What the iGPU actually buys you in a homelab
A homelab usually doesn't run games — but every server needs a display path for the first 30 minutes of life: OS install, BIOS poke, console logins, an emergency boot to debug a failing service. The 5700X has no iGPU. That means either:
- Buy a cheap dedicated GPU (adds cost, heat, PCIe lane consumption).
- Use IPMI / BMC on a workstation board (adds board cost).
- Configure headless and pray you never need to plug a monitor in.
The 5600G's iGPU sidesteps all three. It also supports light transcoding workloads — Jellyfin / Plex hardware transcoding via VA-API is functional. Not stellar, but usable for a single concurrent stream.
When the 5700X's extra threads earn their keep
Six cores comfortably hold 3-4 medium VMs (e.g. Home Assistant, Pi-hole, a small Postgres, a single application server). The moment you push to 6+ VMs — a serious Kubernetes lab, a Plex/Jellyfin + Sonarr/Radarr + Photoprism stack, plus a dev VM and a Windows VM and a backup target — six cores start showing contention.
| Workload | 5600G feel | 5700X feel |
|---|---|---|
| 3 small VMs + Home Assistant | smooth | smooth |
| 6 mixed VMs | occasional contention | smooth |
| Kubernetes 3-node cluster | tight | smooth |
| Compile / build VM under load | slow | snappy |
| Jellyfin transcode + 4 VMs | iGPU helps | needs CPU transcode |
PCIe lanes — easier to overlook than you think
The 5600G is a Cezanne APU — its PCIe is Gen3 x16 for the GPU slot, with Gen3 x4 for the NVMe. The 5700X is Vermeer — Gen4 across the board.

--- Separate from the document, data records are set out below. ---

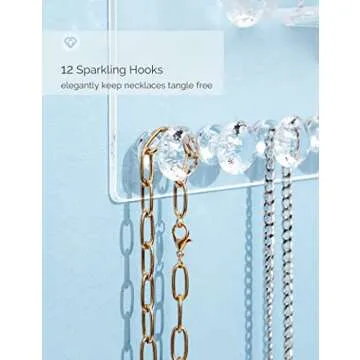 Mymazn 2 Pack Acrylic Necklace Holder with Shelf, 12 Diamond Shape Hooks and Removable Bracelet Rod, Wall Mounted Jewelry Organizer Hanging Jewelry Rack Clear Jewelry Hangers for Necklace, Bracelet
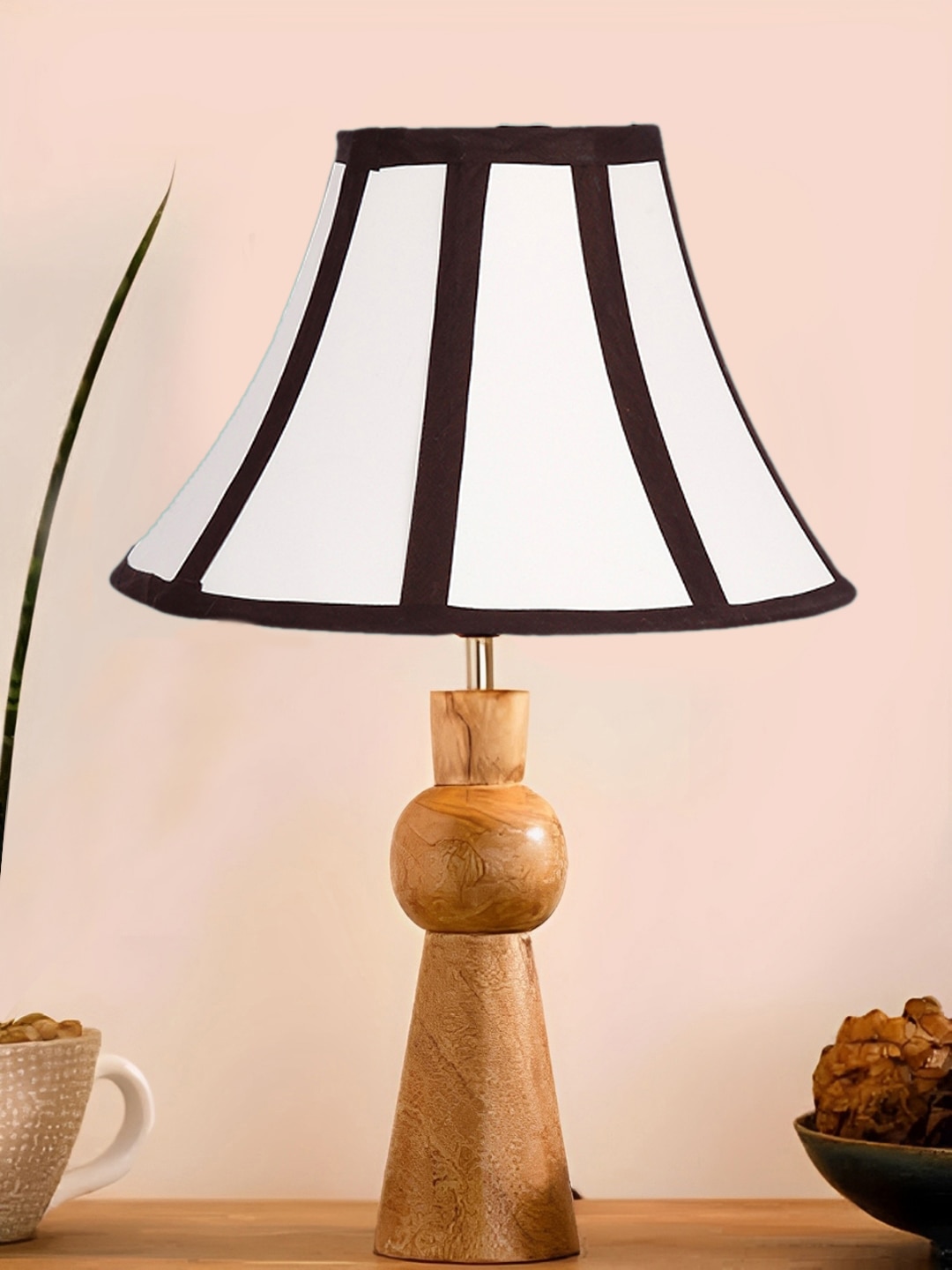 Devansh Off-White Cotton Vintage  Lamp With Wood Base (12X19.25) - Devansh
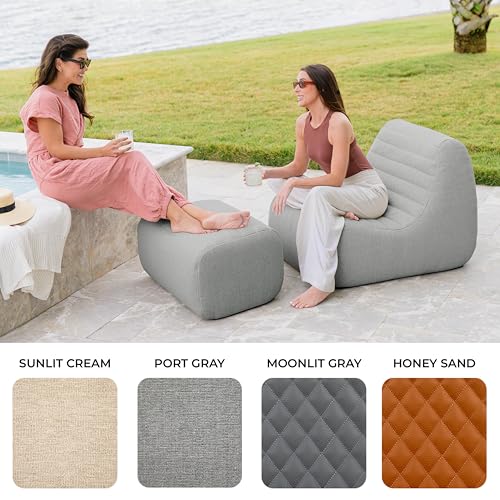 Big Joe Solvana Outdoor Ottoman, Performance Linen Weather-Resistant Fabric, Ottoman Only, Port Gray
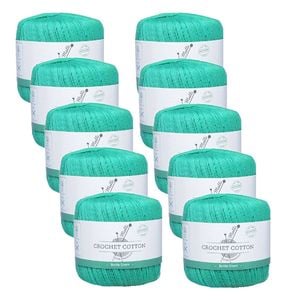 10pk Malli Super Strength 100% Cotton Crochet Knitting Yarn 3ply Bottle Green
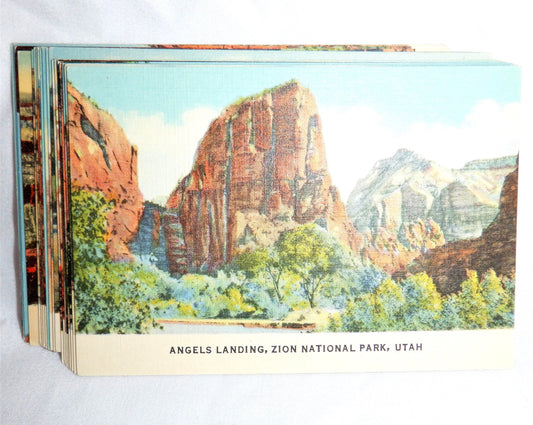 Vintage Hand-Tinted Mini Snapshot Set of 25 Utah and Arizona scenes, 1930's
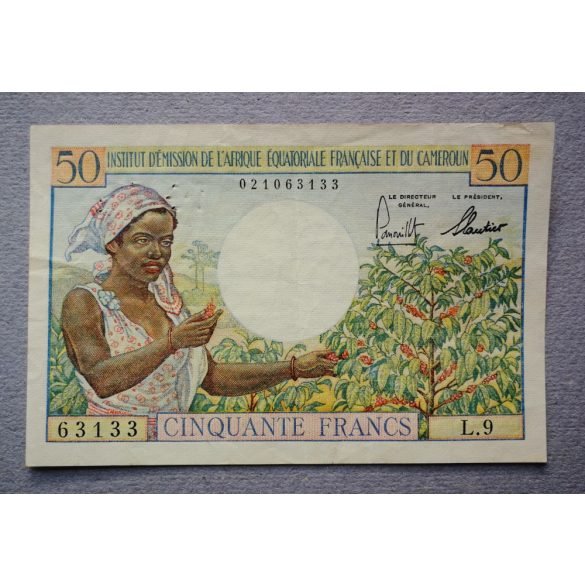 French Equatorial Africa Cameroon 50 Francs 1957 F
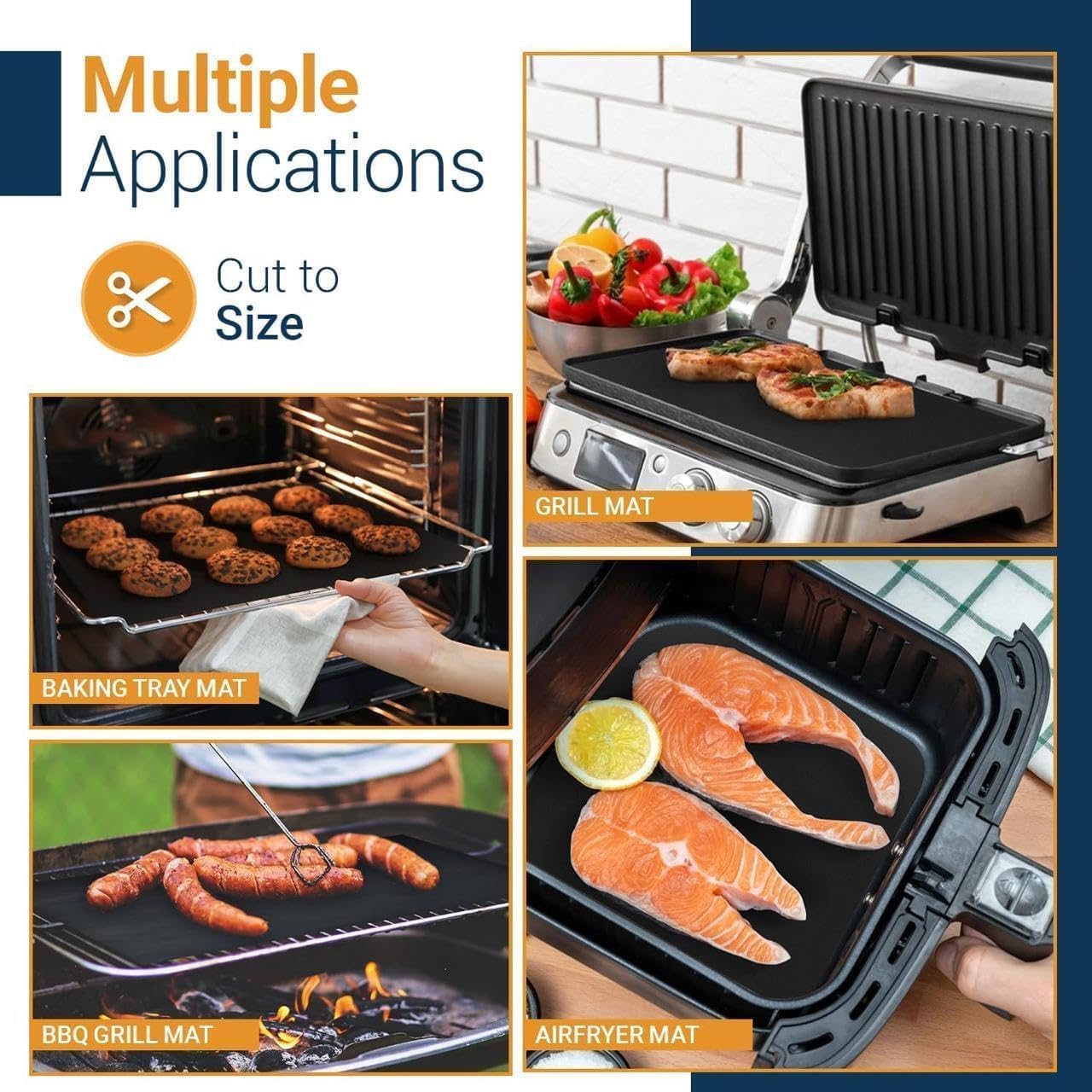 Oven Liners for Bottom of Oven (2 Pack) - Universal Non-Stick Liner for Fan Assisted Cooking, 32 x 50 cm Kitchen Essentials, Protector Sheets, Save Time & Clean Easily (Black)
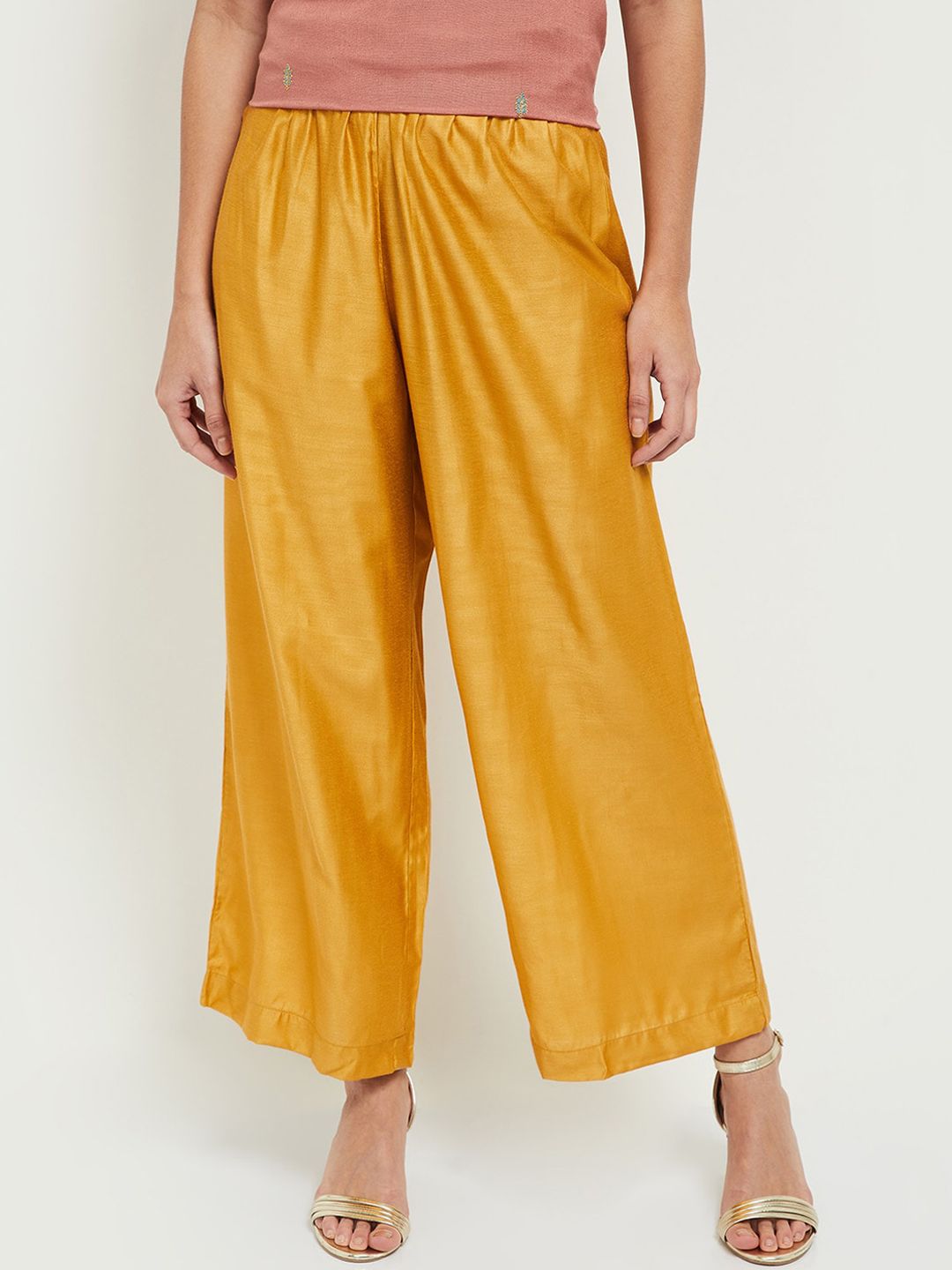 max Women Mustard Yellow Loose Fit Pleated Parallel Trousers Price in India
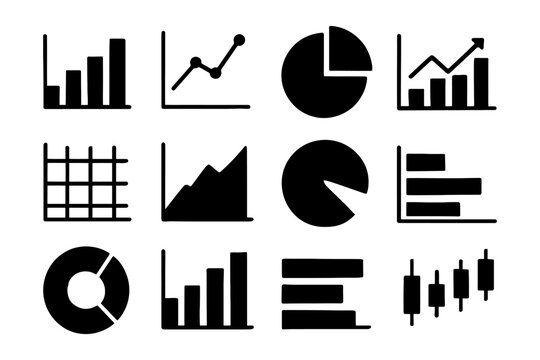 Collection of black silhouette business graphs and charts on white background.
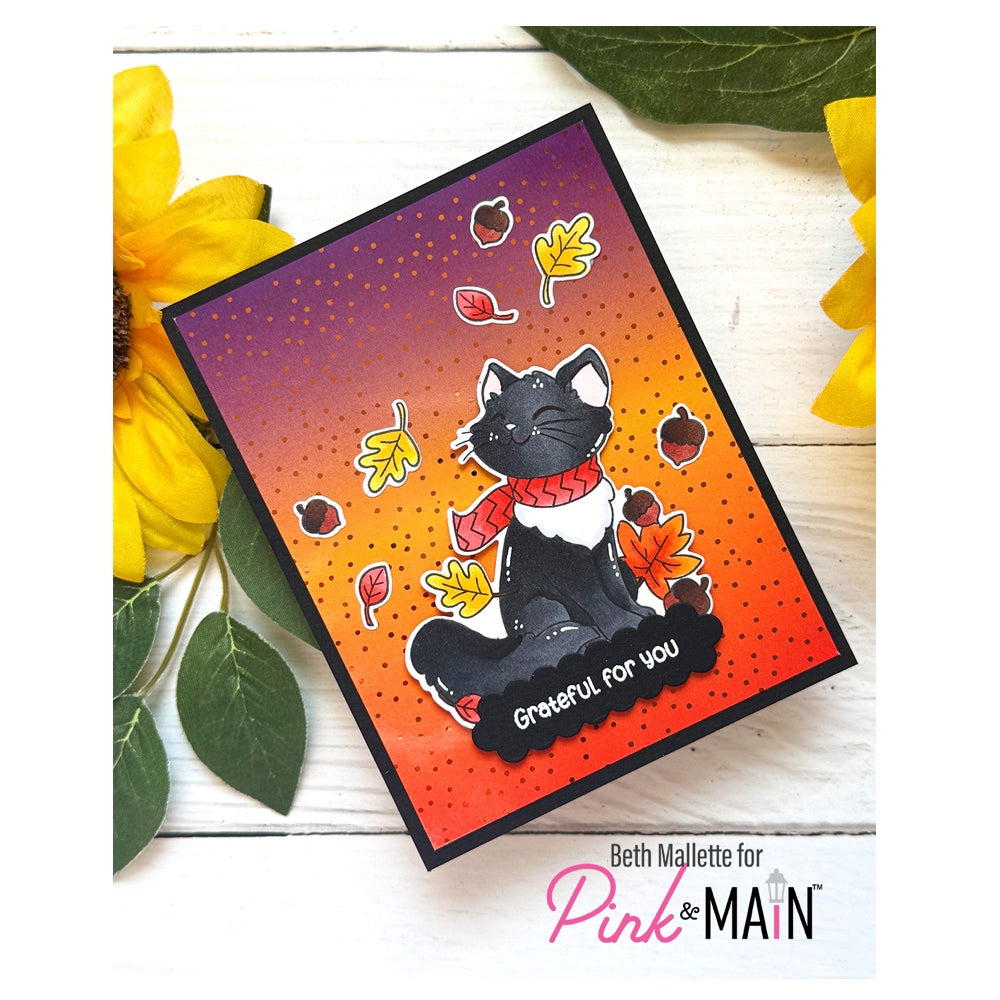 Pink and Main Sweet Garden Foilables Sheets pmf417 black cat fall leaves card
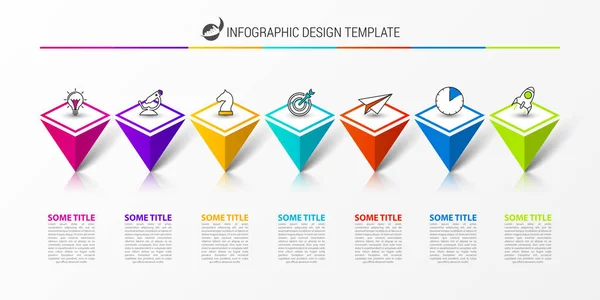 Modèle de conception d'infographie. Concept créatif avec 7 étapes — Image vectorielle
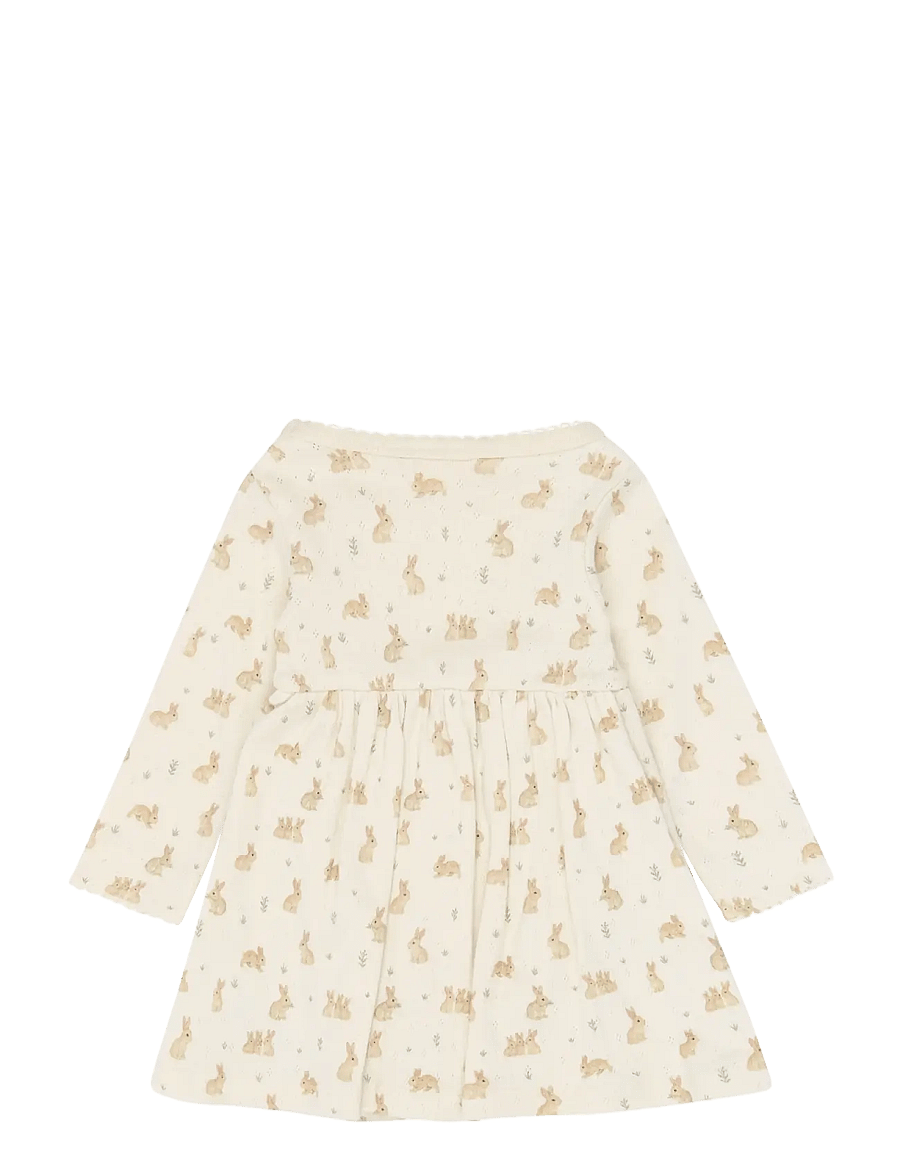 Petit Piao - PPDio L_S Body Dress Fold Pointelle - långärmade bodies - eggnog rabbit aop - 0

In a homelab, this rarely bottlenecks you on the GPU side, but it can pinch on NVMe. If your build will host a fast NVMe (a WD Blue SN550 is Gen3 either way, but Gen4 NVMe is becoming cheap) and a 10GbE NIC simultaneously, the 5700X has the lane budget. The 5600G's lanes will need to be split between the discrete GPU (if any) and storage.
Idle power, the silent metric
A 24/7 box's power cost is dominated by idle, not load. Measured at the wall on a B550 board with 32GB DDR4-3200 and a single SATA SSD:
| Idle measurement | 5600G | 5700X |
|---|---|---|
| Linux idle | 21 W | 28 W |
| Linux idle + 1 light VM | 23 W | 31 W |
| Linux idle + 5 light VMs | 26 W | 35 W |
At $0.15/kWh, a 7W difference at idle is ~$9/year. Real but not decisive. The 5700X wins on per-watt under sustained load; the 5600G wins on absolute idle.
Build cost: a budget homelab around each chip
| Component | 5600G build | 5700X build |
|---|---|---|
| CPU | $150 | $190 |
| Motherboard (B450/B550) | $100 | $110 |
| RAM (32GB DDR4-3200) | $70 | $70 |
| SSD (BX500 1TB) | $55 | $55 |
| Case + PSU | $120 | $120 |
| Cooler (stock or cheap tower) | $0-$25 | $25-$40 |
| Display GPU | n/a (iGPU) | $50 used or skip |
| Total | ~$520 | ~$610 |
For ~$90, you buy two more cores, more cache, full Gen4, and lose the iGPU. For a focused homelab, that trade is workload-dependent.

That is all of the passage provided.